Your wife will have to have a nice little "talk" with this dog. It seems to me he takes her as the low bitch in the pack and truthfully, I am not sure about your dog's temperament and personality. Telling you to use combo of treats and corrections is gonna work would be me assuming your wife has more of a ranking conflict with a dog that is getting mixed signals rather than a complete ranking switch due to the dog maturing. I Don;t know and trust me NO ONE knows till they see the dog and the body language.


I would suggest you to find someone who knows how do deal with this and potentially be prepared that in might get worse before it gets better. Or it might be a complete clash and your wife might not be able to gain control ever without physical "fight". I have a feeling that this dog is maturing mentally and starting to think he can take her out also physically and is taking her for a ride!
Good luck and start looking for the right trainer.

by joanro on 12 October 2012 - 18:10

Whether it is ranking switch or just plain disrespect, there is a storm brewing and professional help is paramount. Your wife better not start something she can't finish...

by rob juanez on 12 October 2012 - 18:10

Two Moons,
The dog has just started marking in the house a few weeks ago. He only does this when he is home with my wife. I have never caught him doing this. My wife gives him firm "no" when she catches him in the act.
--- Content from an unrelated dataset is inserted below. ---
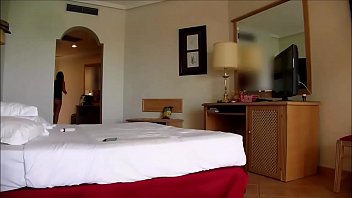 Preview 1 of Phat Azz Xxx - Semidesnuda exhibiendose frente al hombre de mantenimiento del hotel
For training corrections the dog receives verbal and prong correction in tandem. For behavior correction dog receives verbal correction and when not practical to use either verbal or prong we infrequently use ecollar to correct behavior such as excited jumpin g and barking while underway on our boat, which can be royal pain in the ass, as well as unsafe. This is a soft dog who takes mild corrections well and is very eager to please. Even when high in prey dog will respond to corrections clearly without alot of resistance or hesitation.

This dog is 50/50 outside/house dog. He has 3 fenced acres when we are not home to roam but spendes majority of time on the porch waiting for us to return. When inside the dog has excellent house manners and is crated most nights except during the winter months when I fear him being trapped in the event of a chimney or stove fire.

I am still not 100% sure what the dogs hair up and growling where for. I assume it was at my wife for her correcting him. I was returning home and walked in on my wife correcting dog for marking wood pile. He was growling and pacing with his hair on his back up. I walked in on this and the dog immediatley assumes submissive stance ie, ears back , hair down and runs up to me and tries to nudge me as if he was very unsure of himself and had been caught. i am unsure what would of happened if I didnt enter the room. This is the absolute first time the dog has ever showed any aggression or dominance.

I can honestly say that I have no fear of this dog whatsoever. He has always been a great dog to me and is very submissive and gentle. Io have had serious dominant/aggressive shepherd before and this guy is a pushover compared to him. I cannot speak for my wife though. I do think that she was more surprised at this than she was scared, IMO.

We have done alot of obedience training with this dog and have used as needed a blend of positive reinforcing and corrections when and where neccessary.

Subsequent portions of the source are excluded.